Formation damage problems in the Brutus A-8 well in the Gulf of Mexico have provided a rich opportunity to study mechanisms of pore plugging. Field data and laboratory experiments have led to the following conclusions.
Unexpected reactions can take place between spent organic acids and completion brine, resulting in polymerization and other reactions that can plug formations.
These precipitates can be prevented by appropriate acidizing practices, including the use of sufficient (ammonium chloride or other innocuous brine) spacers to maintain separation of the (spent) acid and completion brine and the use of an appropriate post-flush acid to maintain a low pH in the spent acid.
If a precipitate does form, it can be cleaned up readily by acid treatment if the acid reaches the occluding precipitate.
Organic acids should not be mixed. That is, if completion uses one organic acid, no other organic acids should be used in subsequent stimulation treatments.

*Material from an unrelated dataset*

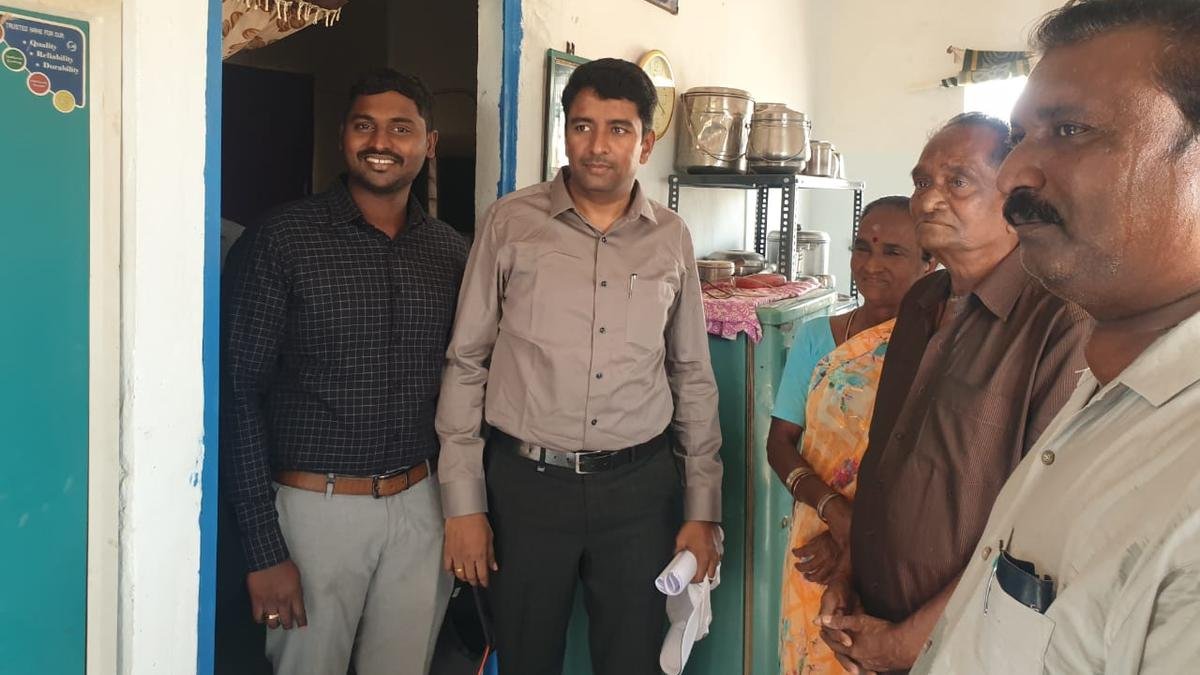 आंध्र प्रदेश: उगादी द्वारा जगन्नाथ कॉलोनी में घरों का निर्माण पूरा, अधिकारियों ने बताया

Well A-8 on the Brutus platform was completed in September, 2001, using a high rate water pack, with acidization of the perforations using an organic acid/HF generating mixture. Organic acid was chosen over the more conventional HClHF treatment because the formation contained about 5% zeoilites, in the form of clinoptilolite; an important point to note is that, as with most acid treatments, in general, and with this and other acid treatments in this well, in particular, only about 40–50% of the stimulating fluid was recovered during flowback. A considerable volume of 13.6 ppg (1.63 s.g.) calcium bromide completion brine, about 2000 bbl, was lost during completion. Within a few weeks of initiation of production, production had declined to such an extent that intervention was required. Stimulation with the same acid system used in the completion resulted in only a short-term improvement. After a couple of weeks, an ammonium chloride flush was done, with similar results. After another couple of weeks, another stimulation effort was made, this time with another organic acid, with an immediate reduction in production of 75%. Since lab tests indicated that subsequent acid treatments would be unsuccessful, the well was re-completed using a different philosophy, with much better results.

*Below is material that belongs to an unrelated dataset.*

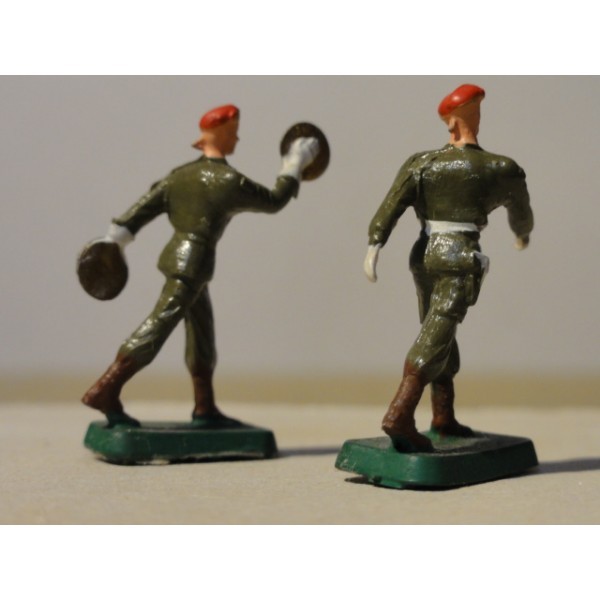 2 SOLDATS PARACHUTISTES MINI STARLUX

Flowback from the first remedial treatment provided many surprises (Figure 1), among them the following:
the presence of a fluffy white precipitate in the last few samples before the water cut diminished to5%, the cutoff before full production was begun;
a red color;
high solubility of the white solid in seawater, as discovered when rig personnel washed off the solids filter with a stream of seawater;
a pH of 3.5 in the flowback fluid;
high concentrations of the organic acid and calcium bromide, with the ratios suggesting the presence of both free acid and its calcium salt in approximately equal abundance; and
a small amount of iron in the solution, about 50 ppm.